Donald J. Trump declared a $916 million loss on his 1995 income tax returns, a tax deduction so substantial it could have allowed him to legally avoid paying any federal income taxes for up to 18 years, records obtained by The New York Times show.
The 1995 tax records, never before disclosed, reveal the extraordinary tax benefits that Mr. Trump, the Republican presidential nominee, derived from the financial wreckage he left behind in the early 1990s through mismanagement of three Atlantic City casinos, his ill-fated foray into the airline business and his ill-timed purchase of the Plaza Hotel in Manhattan.

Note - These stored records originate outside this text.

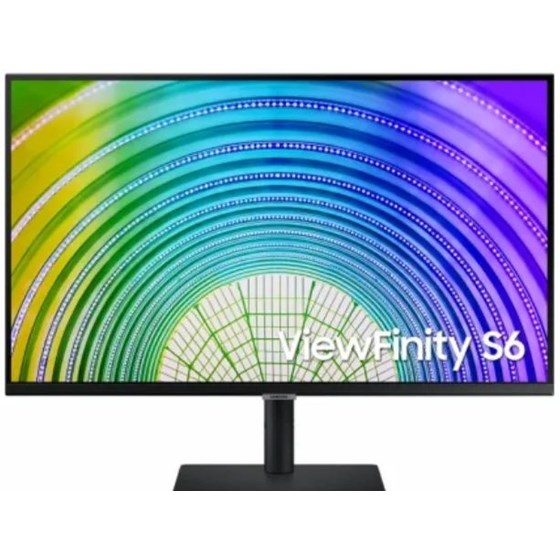 Monitor Samsung 32" ViewFinity S6 LS32A600UUPXEN, QHD VA 75Hz, HDR10, HDMI, DP, 3xUSB, USB-C, RJ45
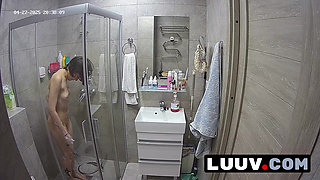 LUUV. Quick sex in the shower for young couple Abbadon and Kareflore
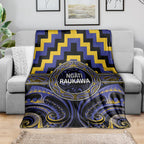 Aotearoa Ngati Raukawa Blanket Maori Iwi Poutama Puhoro Tattoo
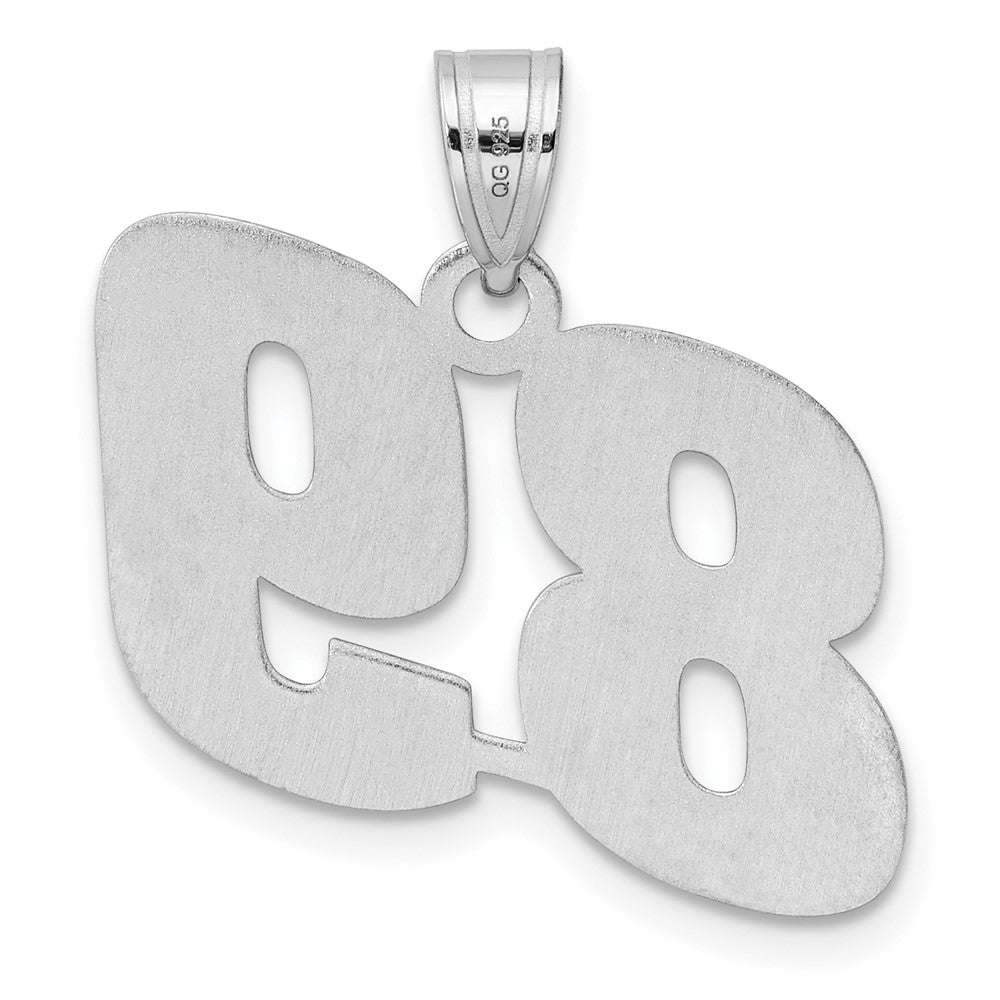 14kw Polished Block Number 89 Pendant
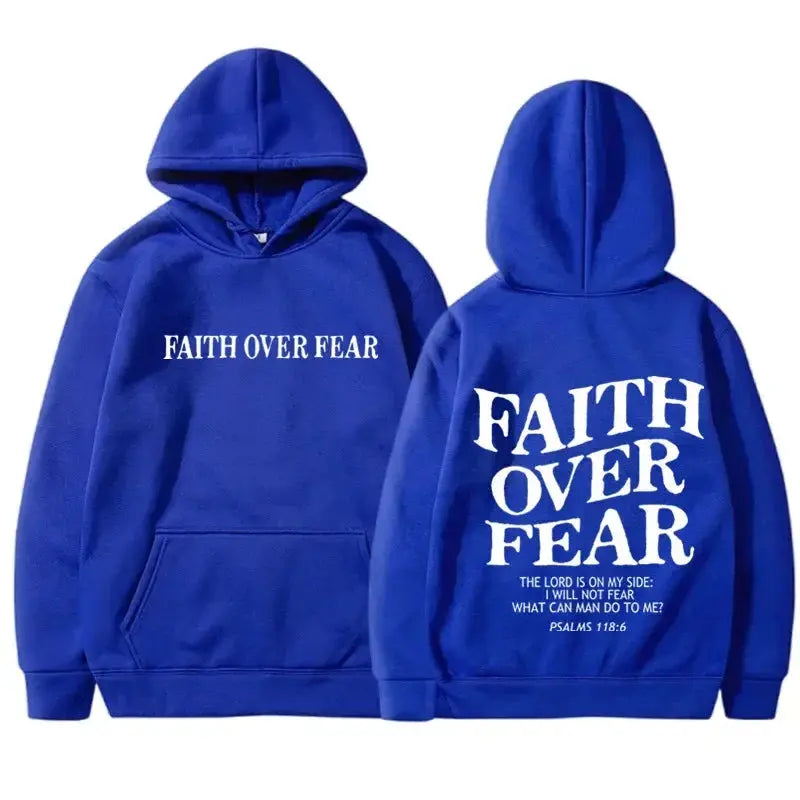 FAITH OVER FEAR Hoodies Velarano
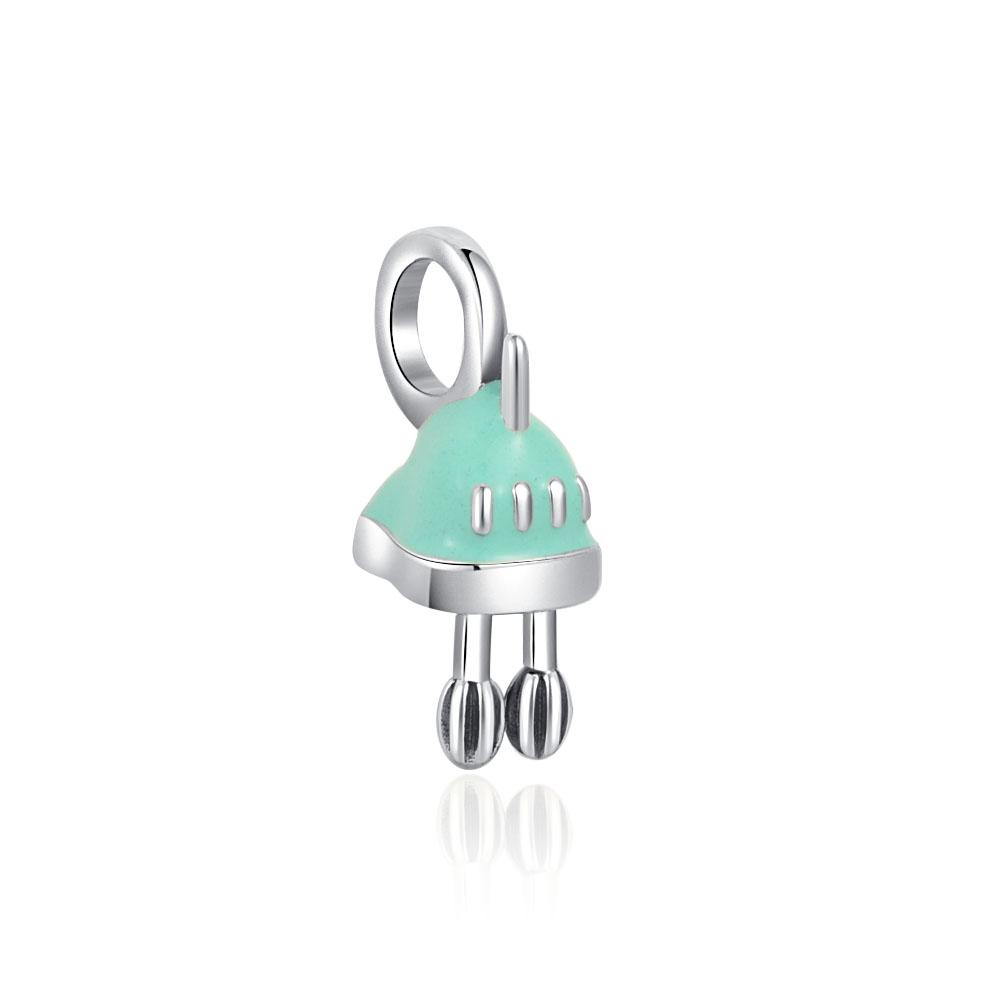 New in Flower heart landmark building Charm Beads Fit 925 Silver women Bracelet DIY Jewelry Gift
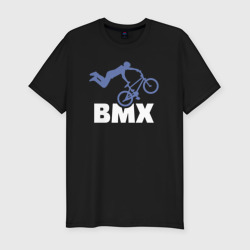 Мужская футболка хлопок Slim BMX moto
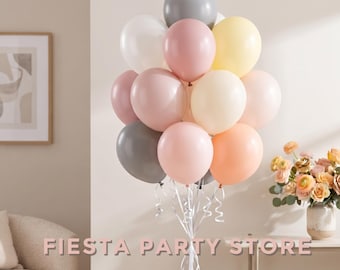 Pastel Balloon Bouquet - 14 in a Pack - Birthday, Baby Shower Decorations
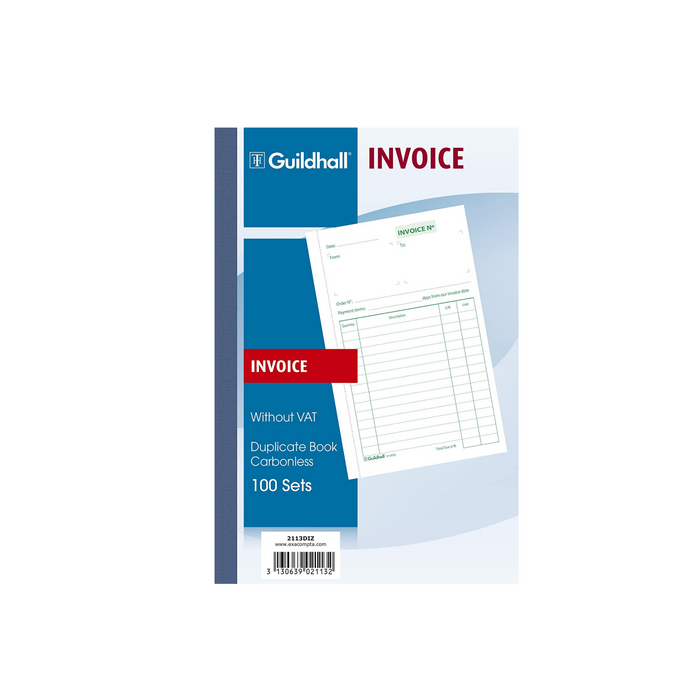 Guildhall Invoice Duplicate Book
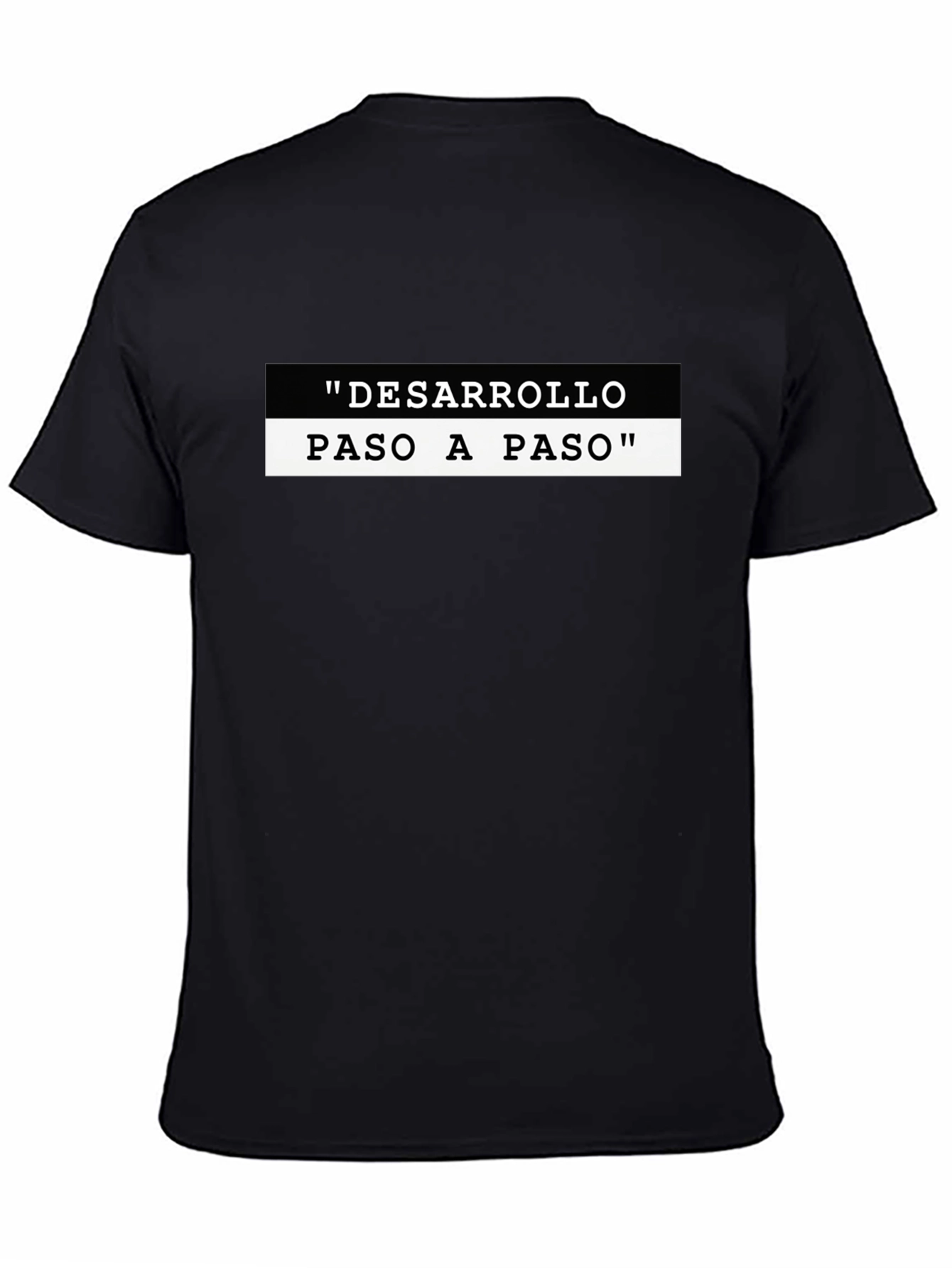 Desarrollo Paso a Paso T-Shirt Black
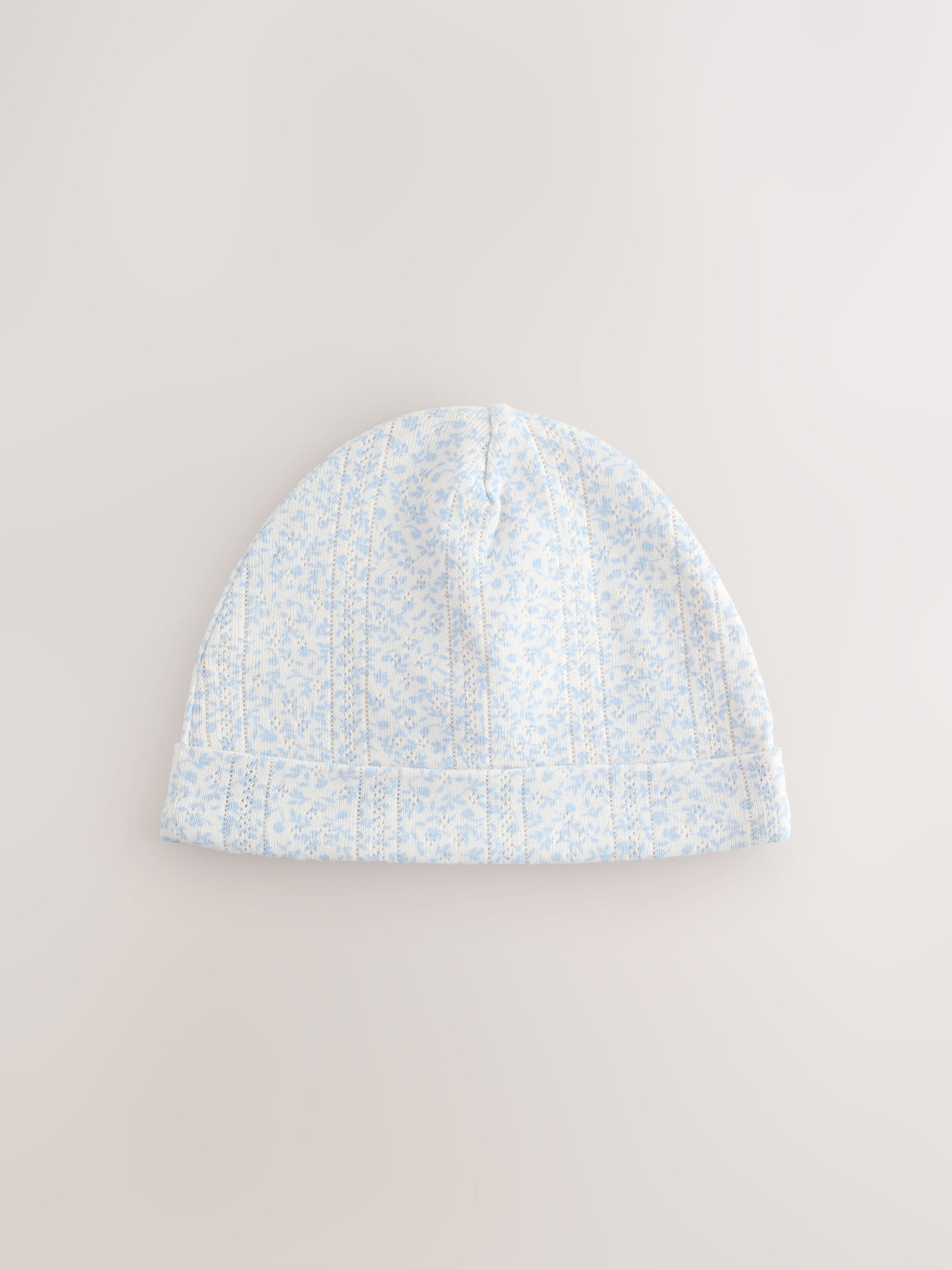 Multi Pointelle Baby Beanies 3 Pack (0-18mths) image 3
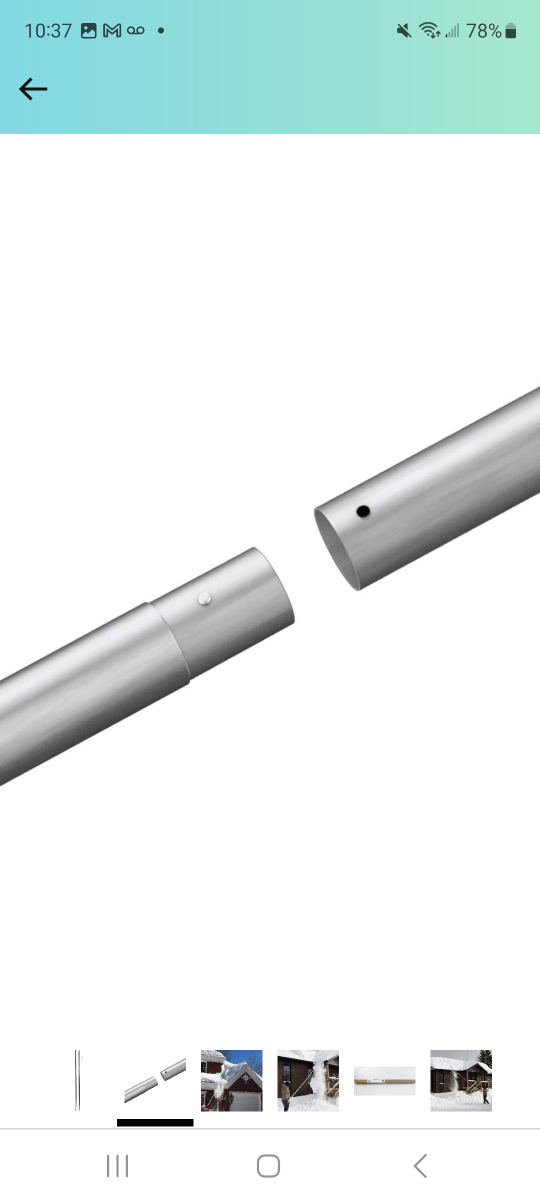 Snow peeler 10ft extention bars image indicator(2)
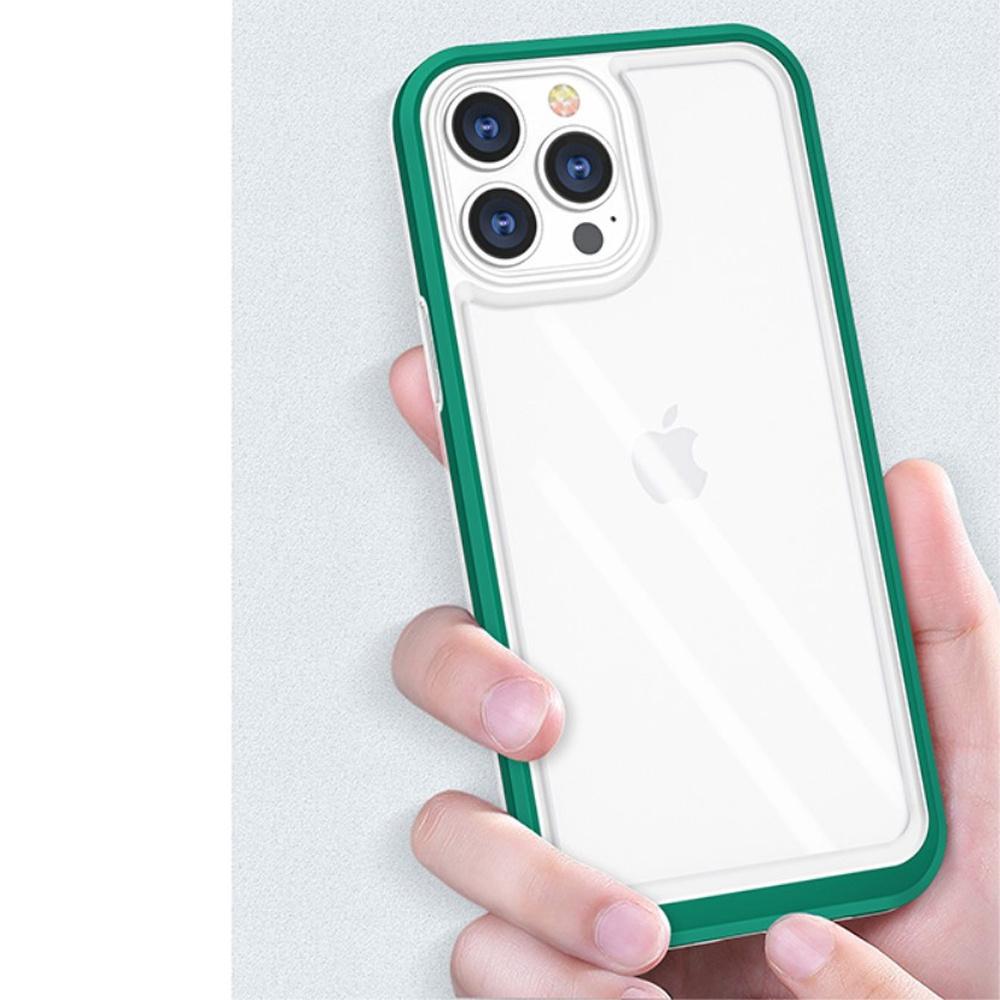 ERBORD case for iPhone 13 Pro, Hybrid Frame, Dark Green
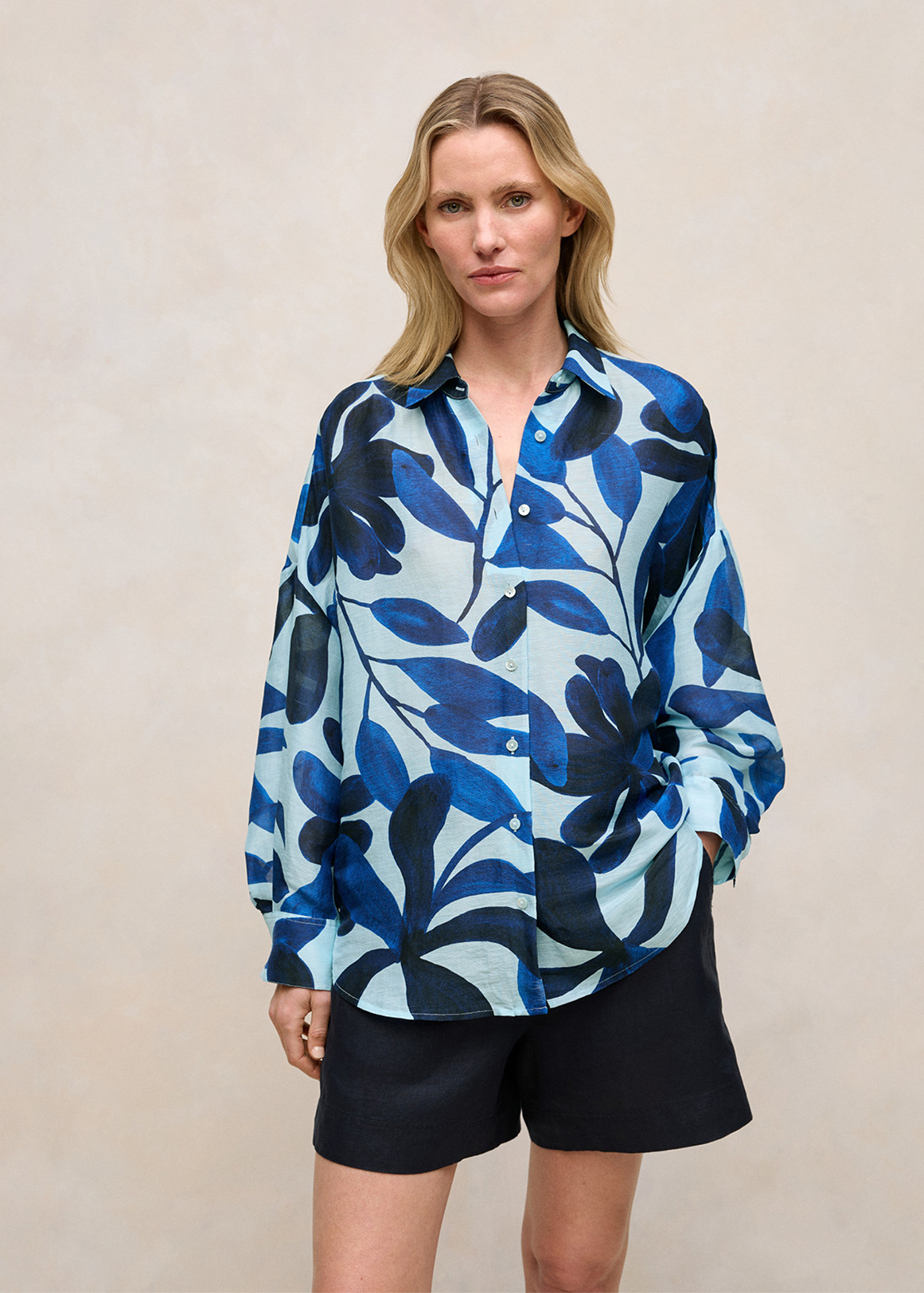 Marea Linen Silk Resort Shirt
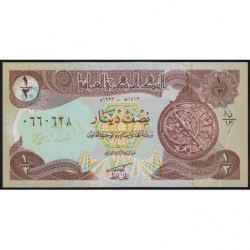 Irak - Pick 78a - 1/2 dinar - Série 13 - 1993 - Etat : NEUF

Tax experts hired by The Times to analyze Mr. Trump’s 1995 records said that tax rules especially advantageous to wealthy filers would have allowed Mr. Trump to use his $916 million loss to cancel out an equivalent amount of taxable income over an 18-year period.Jenna Johnson reports at The Washington Post:
Donald Trump's campaign announced Saturday evening that the candidate would soon deliver a nine-sentence critique of comments Hillary Clinton made months ago about many of the millennials supporting her primary rival, Bernie Sanders. It was an attempt to latch onto a new headline in hopes of finally escaping the controversies that had consumed his week.
It didn’t work.
It took Trump nearly 25 minutes to read the brief statement because he kept going off on one angry tangent after another — ignoring his teleprompters and accusing Clinton of not being “loyal” to her husband, imitating her buckling at a memorial service last month, suggesting that she is “crazy” and saying she should be in prison. He urged his mostly white crowd of supporters to go to polling places in "certain areas" on Election Day to "watch" the voters there. He also repeatedly complained about having a "bum mic" at the first presidential debate and wondered if he should have done another season of “The Apprentice.”